### WHAT TO PRODUCE
Starting from the line with "Bus pull handle", please copy exactly every line to the end of the listing, but not the pictures.

### GIVEN MATERIAL
_ _ _

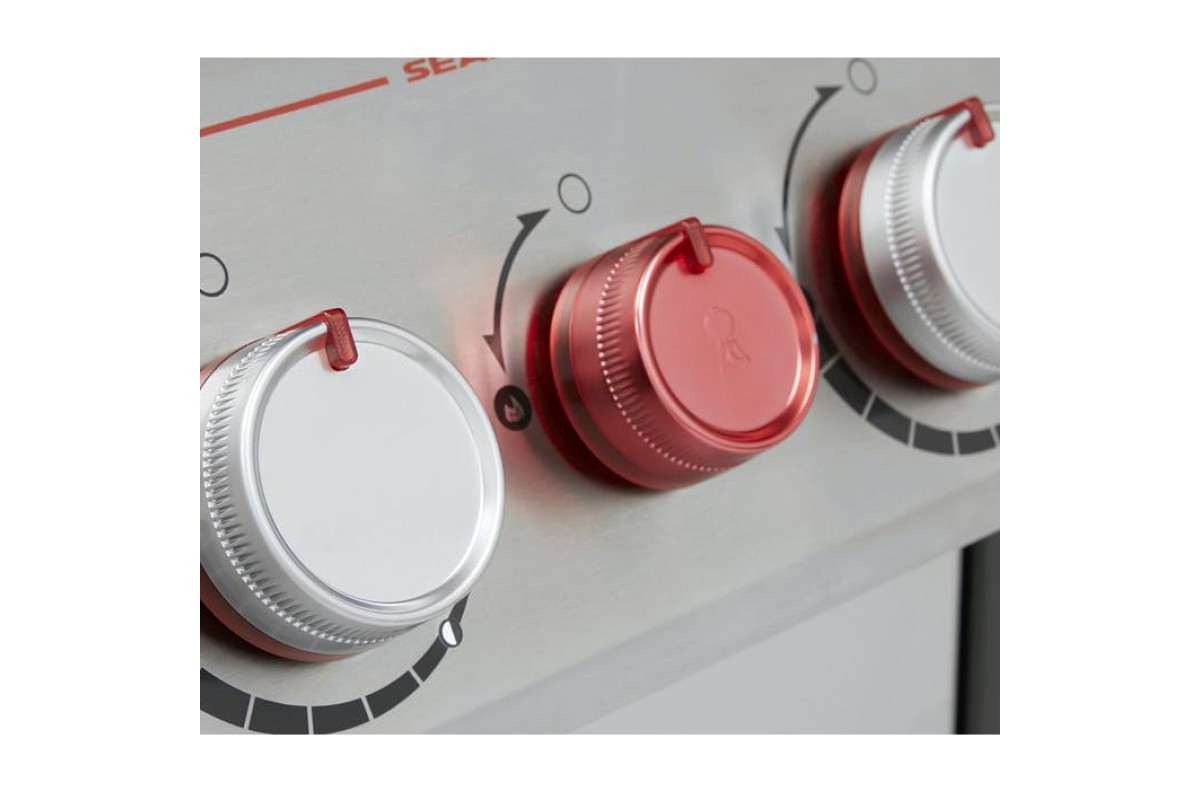 Газовый гриль Weber Genesis E-325s NEW, черный 35310075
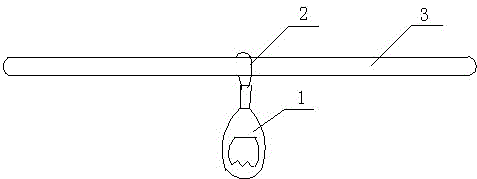 Bus pull handle capable of inhibiting bacterial infection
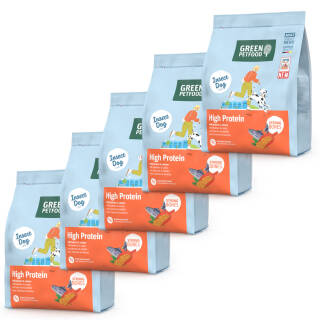 Green Petfood High Protein with Insects & Salmon 5 x 900 g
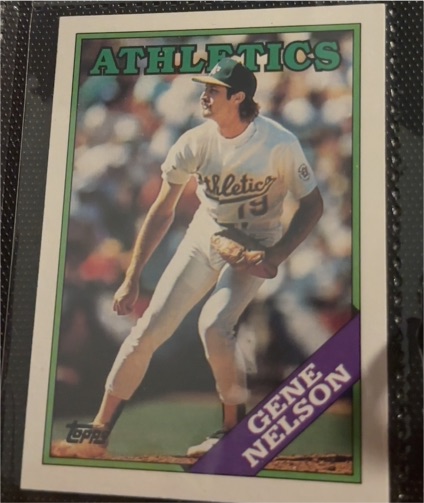 1988 Topps #621 Gene Nelson — front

_ _ _

### ANSWER SPACE
 Bus pull handle capable of inhibiting bacterial infection
 Green Petfood High Protein with Insects & Salmon 5 x 900 g
 1988 Topps #621 Gene Nelson — front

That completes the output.